It is efficient with a great ease of expressiveness to generate specialized code and implement complex algorithms without caring much about the low-level implementation using Julia's multiple dispatch and flexible parametric type system.

Ambiguities – method definitions

Sometimes function behaviors are defined in such a way that there isn't a unique method to apply for a certain set of arguments. Julia throws a warning in such cases about this ambiguity, but proceeds by arbitrarily picking a method. To avoid this ambiguity we should define a method to handle such cases.

In the following example, we define a method definition with one argument of the type Any and another argument of the type Float64. In the second method definition, we just changed the order, but this doesn't differentiate it from the first definition. In this case, Julia will give a warning of ambiguous method definition but will allow us to proceed.

Ambiguities – method definitions

Facilitating language interoperability

Although Julia can be used to write most kinds of code, there are mature libraries for numerical and scientific computing which we would like to exploit. These libraries can be in C, Fortran or Python. Julia allows the ease of using the existing code written in Python, C, or Fortran. This is done by making Julia perform simple and efficient-to-call C, Fortran, or Python functions.

The C/Fortran libraries should be available to Julia. An ordinary but valid call with ccall is made to this code. This is possible when the code is available as a shared library. Julia's JIT generates the same machine instructions as the native C call. Therefore, it is generally no different from calling through a C code with a minimal overhead.

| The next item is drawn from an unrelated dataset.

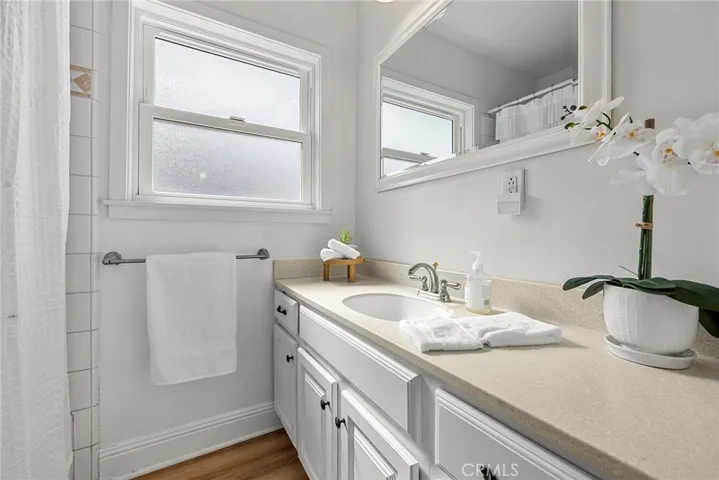 Hall Bathroom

Importing Python code can be beneficial and sometimes needed, especially for data science, because it already has an exhaustive library of implementations of machine learning and statistical functions. For example, it contains scikit-learn and pandas. To use Python in Julia, we require PyCall.jl. To add PyCall.jl do the following:

Pkg.add("PyCall") 

Facilitating language interoperability

PyCall contains a macro @pyimport that facilitates importing Python packages and provides Julia wrappers for all of the functions and constants therein, including automatic conversion of types between Julia and Python.

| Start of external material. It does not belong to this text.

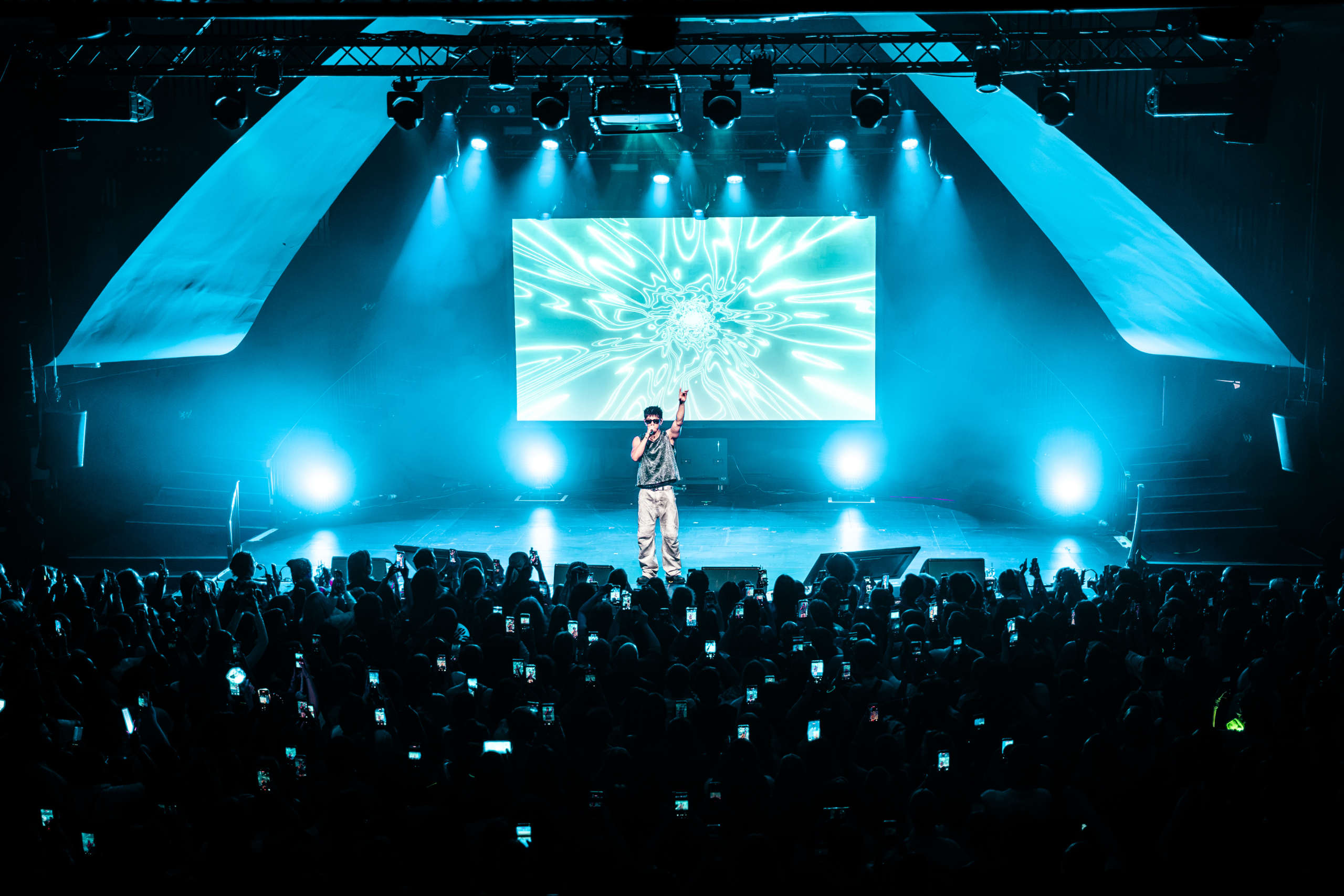 KARD @ La Madeleine, picture 17, photographed by Kaat Steukers - FrontView Magazine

PyCall also provides functionalities for lower-level manipulation of Python objects, including a PyObject type for opaque Python objects. It also has a pycall function (similar to Julia's ccall function), which can be used in Julia to call Python functions with type conversions. PyCall does not use the Python program but links directly to the libpython library. During the Pkg.build, it finds the location of the libpython by Punning python.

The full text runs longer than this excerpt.